The MPC-style rollout-and-ranking framework is general and compatible with any VLA policy.
The DAgger-style training strategy elegantly addresses the distributional shift inherent in autoregressive prediction.
The qualitative analysis of failure modes is thorough and candid, clearly identifying dexterous manipulation and the Real2Sim gap as primary bottlenecks.
The two-stage dynamics model training (large-scale pretraining + in-domain fine-tuning) is a practical and reproducible recipe.

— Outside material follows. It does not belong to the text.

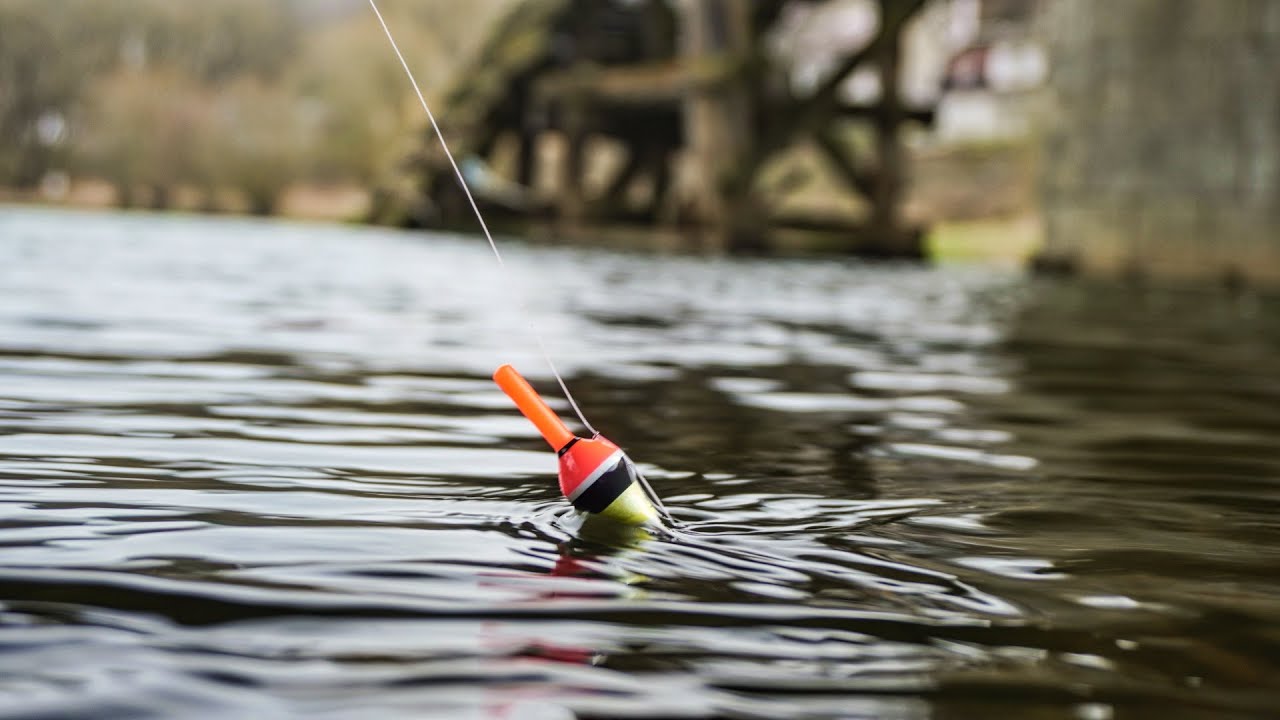 Lov ryb na plavanou na úspěšném místě.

Limitations & Future Work¶

The reward signal relies on oracle simulator states (assuming perfect environment knowledge); real-world deployment requires replacing this with a learned reward model.
A deterministic dynamics model struggles with stochastic environments; future work could explore probabilistic action-conditioned video diffusion models.
Inference time is a significant bottleneck (35 seconds for 5 candidates), limiting real-time control frequency.
Evaluation is conducted only in simulation (SIMPLER); real-robot experiments are absent.
The dynamics model is trained solely on successful trajectories, yielding unreliable predictions for failure states.
Rollout length must be set manually, with no adaptive mechanism despite task-dependent optimal values.

Unlike explicit decomposition via CoT reasoning (ECoT, zero-shot annotation), SITCOM conducts long-horizon reasoning through implicit simulation-based evaluation.
Compared to world model approaches such as Dreamer and TD-MPC2, SITCOM predicts in pixel space using a lightweight Transformer, balancing visual fidelity with computational efficiency.
Compared to generative video models such as GAIA-1 and UniSim, SITCOM avoids expensive diffusion architectures.
Promising future directions include combining action chunking to reduce the number of inference calls, and developing general vision-based reward models.

Rating¶

Novelty: ⭐⭐⭐⭐
Experimental Thoroughness: ⭐⭐⭐
Writing Quality: ⭐⭐⭐⭐
Value: ⭐⭐⭐⭐